Die Union kommt der SPD in Umfragen wieder näher. Geht jetzt das große Zittern los?
Nein. Erstens ist das Näherkommen ja relativ. Wir sind in den Umfragen ja stabil geblieben. Und wenn Sie bedenken, wo wir gestartet sind – bei 14 Prozent – sieht das gut aus und in der Kanzlerfrage stehen wir ohnehin gut da. Aber es war immer klar, wir müssen bis zum Schluss kämpfen. Ich bin zuversichtlich.
Überrascht Sie die Pole-Position der SPD?
Wir hatten gehofft, dass die Kanzlertauglichkeit eine Rolle spielen wird.

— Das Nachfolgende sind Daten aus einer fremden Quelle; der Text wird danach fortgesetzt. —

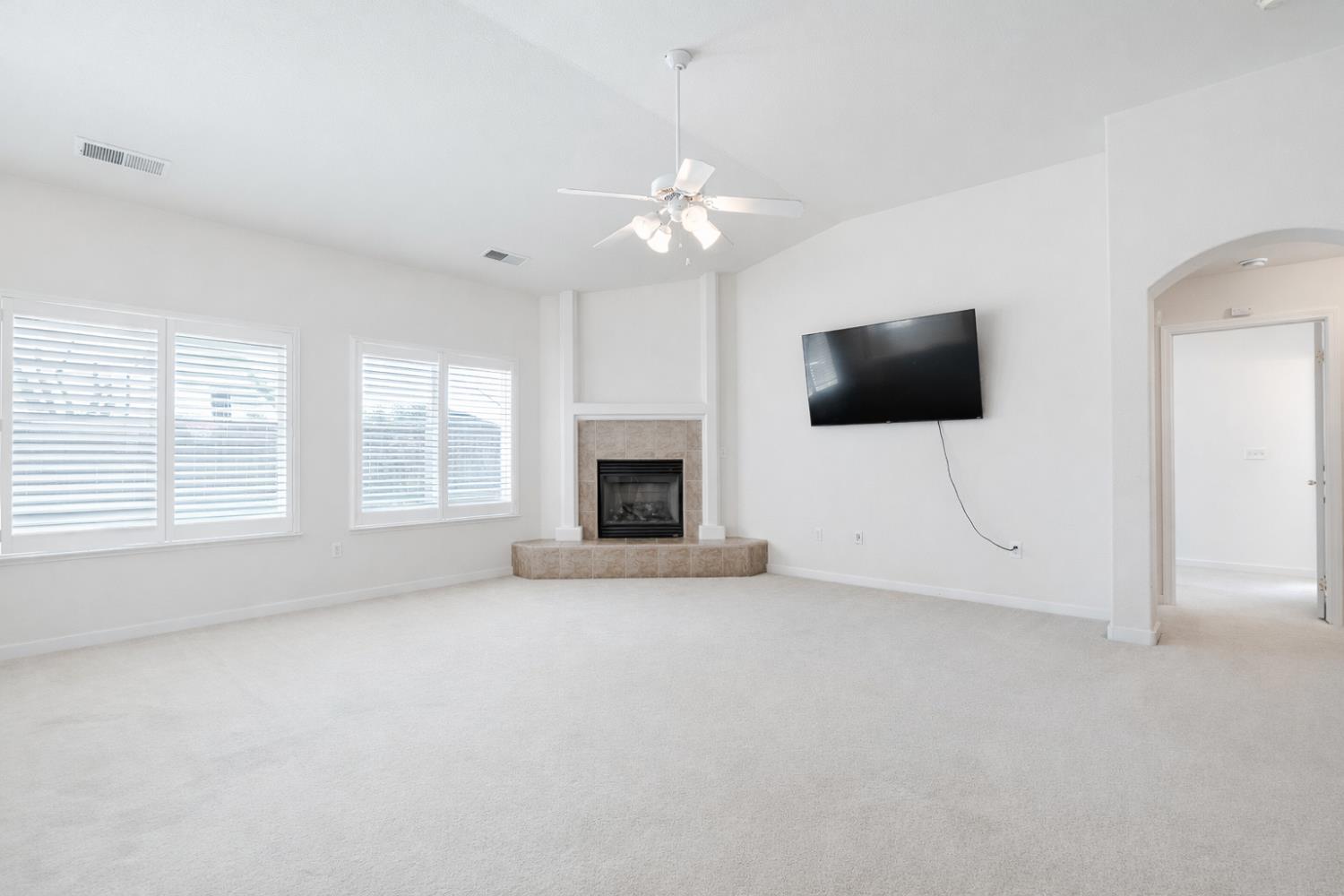 721 Via Cerioni, Madera, CA 93637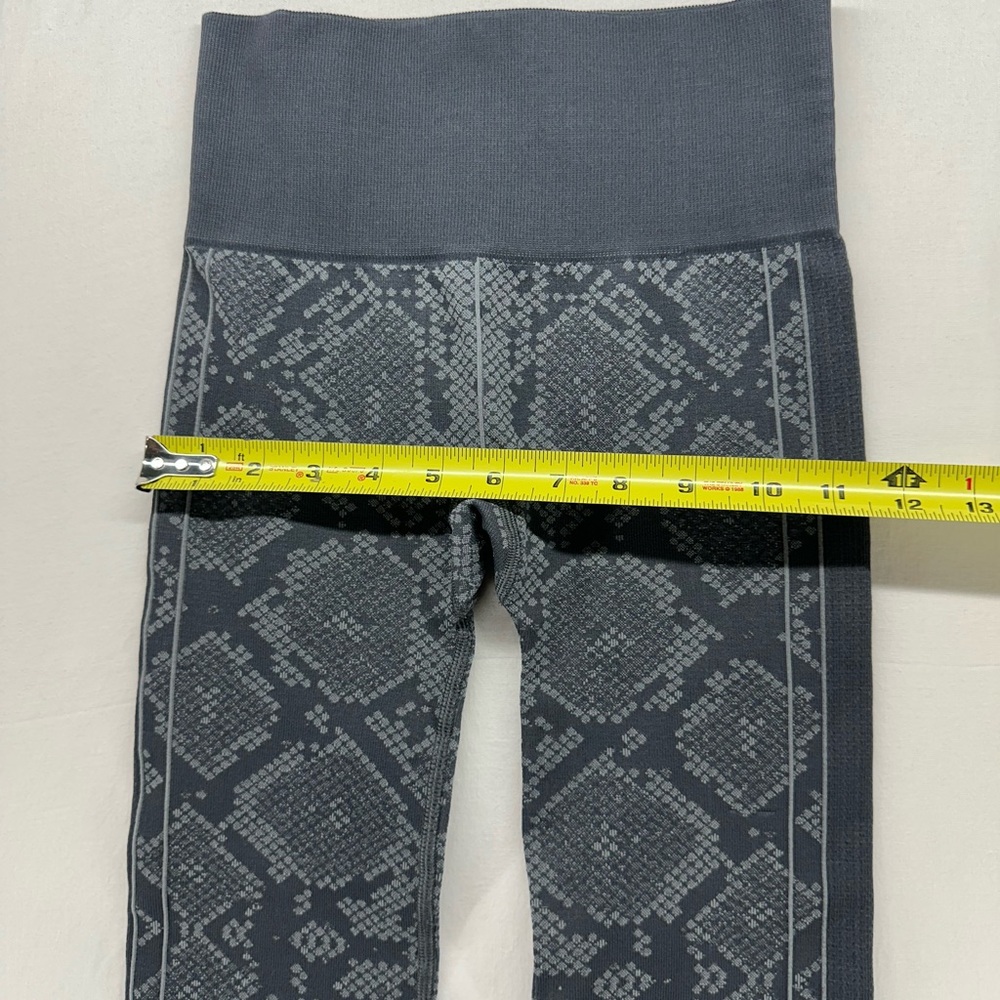 LULULEMON Athletica Leggings Ebb to Street Slate Snake Skin Gray Size 2 - Picture 4 of 7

Und das hat es auch. Überraschend war eher, dass die Konkurrenz uns nach Mühen unterstützt hat. Wir waren deutlich geschlossener. Markus Söder hat Armin Laschet ja jeden Tag gepiesackt. Das erklärt sicherlich einen Teil der Trends.
Hat man aber nun auf den letzten Metern eigene Fehler begangen – etwa, dass Ihr Kanzlerkandidat Olaf Scholz doch zu inkonkret gewesen ist, was Themen wie den Klimaschutz angeht?
Was Laschet zum Thema Klimaschutz zu bieten hat, ist von gestern. Wir wollen die Industriegesellschaft ökologisch umbauen, und gemeinsam mit den Grünen wird uns das gelingen. Viele schwanken zwischen Rot und Grün, wie ich höre. Wir wollen die Industrie nicht schwächen, sondern Arbeitsplätze sichern.
Auf was kommt es nun im Endspurt an, welche Wählergruppen müssen noch überzeugt werden?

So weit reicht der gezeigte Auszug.